The purpose of this article is to
promote a deeper understanding of hypermedia literacy
by investigating some of its genres, sign systems, and cueing
systems. Increased knowledge of this new, complex
literacy will help educators plan curriculum and
evaluate student progress.
This analysis, which extends the
findings of an earlier exploration of students' design of a
school website (Eagleton, 1999a), is based on a
microethnographic study that investigated hypermedia composition
in a seventh-grade language arts classroom. The 12- and
13-year-old students were enrolled in an urban/suburban U.S.
school with a population of approximately 1,000 seventh- and
eighth-graders, predominantly Caucasian and Hispanic. In the
current project (Eagleton, 1999b; Eagleton & Hamilton, 2001a,
online document; 2001b, online document), hypermedia composition
consisted of a student-run online magazine (a "webzine"), dubbed
an "e-zeen" by the students, available online at
http://earthvision.asu.edu/~maya/e-zeen. The e-zeen includes
six departments: People, Writing, Sports, Inner Self, Issues,
and Editors (see Figure 1).
During the course of a semester, seven
students who acted as volunteer editors spent 45 minutes every
other day working on the e-zeen project with guidance from their
regular classroom teacher and myself, a visiting
teacher-researcher. The editors assigned themselves the
pseudonyms Crash, Rissa, Cory, Alan, Spencer, Jean, and
Larissalynn; six were achieving at an average level and one
(Larissalynn) was a student in a compensatory education program.

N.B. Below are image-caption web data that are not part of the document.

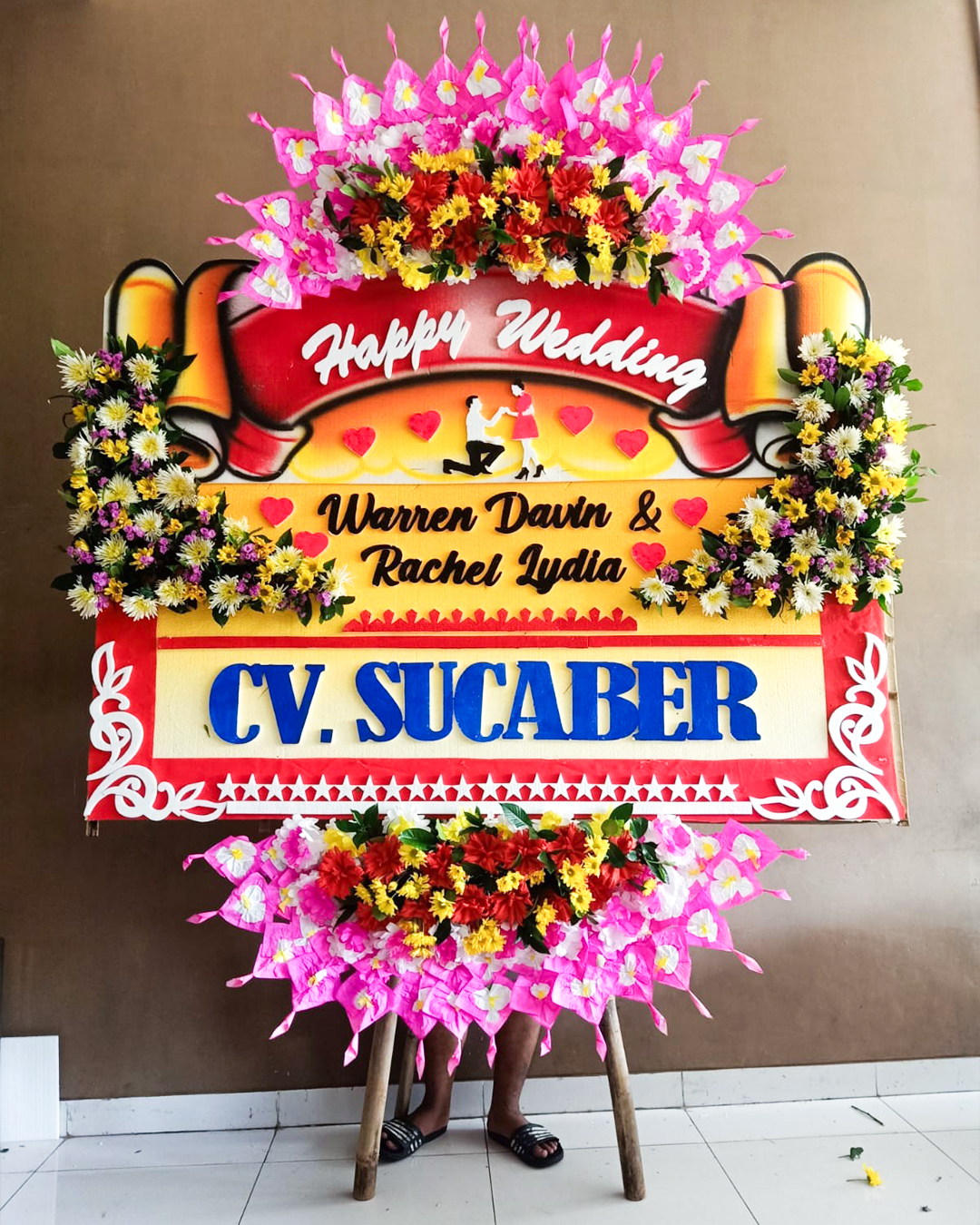 Karangan Bunga Papan - Wedding - New 005
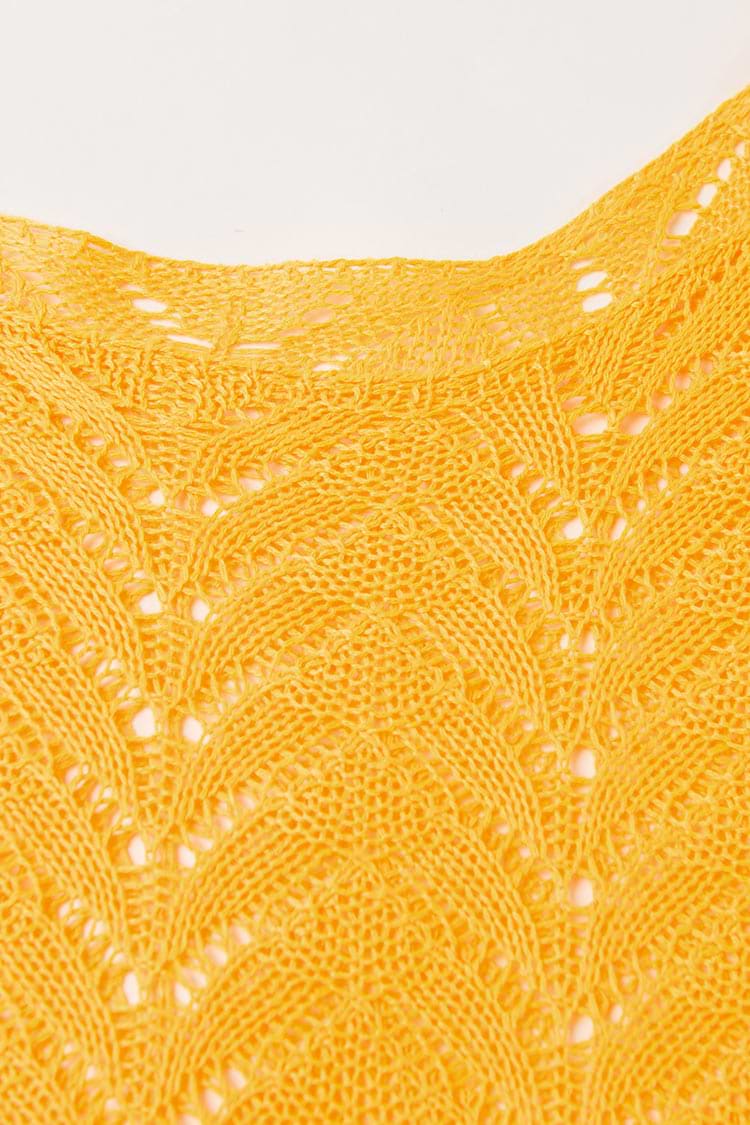 Cover up fendu au crochet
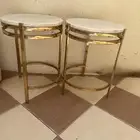 طاولة خدمة رخام ستيل ذهبي العدد 2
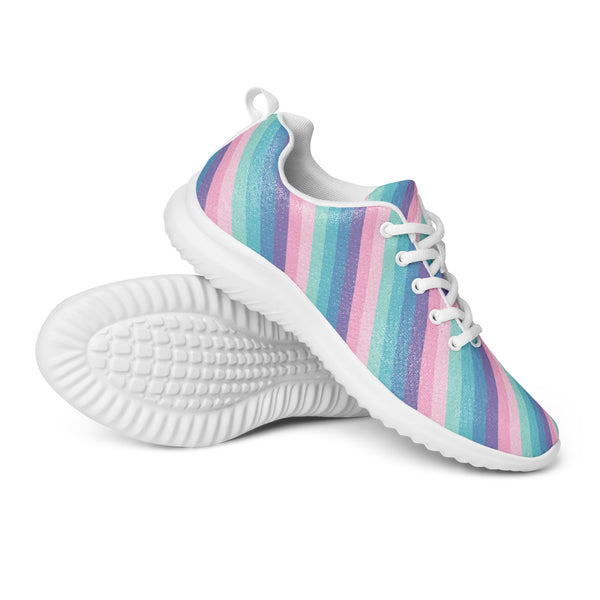 HA!LO Pink Checkerboard — Women's Canvas Athletic Sneaker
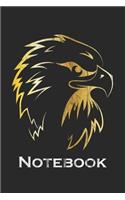 Notebook: Notebook, Journal - Gift Idea for Fans of Eagles - checkered - 6x9 - 120 pages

Four case studies are presented as a supplement to this article
in order to provide additional insight into the meanings these
learners brought to the hypermedia composition process.
Primary data sources included
audiotaped semistructured interviews with the e-zeen editors and
the language arts teacher, observational and anecdotal
fieldnotes, daily videotapes of the editors at work, daily
researcher and student reflection logs, the student-designed
webzine, whole-class student surveys and writing samples, and
the teacher's lesson handouts. All of the data were coded and
analyzed using Glaser and Straus's constant comparative method
(Maykut & Morehouse, 1994). Categories and thematic connections
were derived from the data using a spiraling reduction process
(Creswell, 1998; LeCompte & Preissle, 1993; Miles & Huberman,
1994). Every germane unit of data, defined as a participant
quotation, a transcribed unit, or a unified portion of an
artifact, was coded with a keyword and sorted and resorted into
categories. Saturation was defined as the point at which each
relevant data bit had been successfully grouped into one or more
thematic categories. (Click for a more detailed description of
the data analysis procedures.)
Two hypermedia genres were utilized in
this project: webzines and hypertext fiction.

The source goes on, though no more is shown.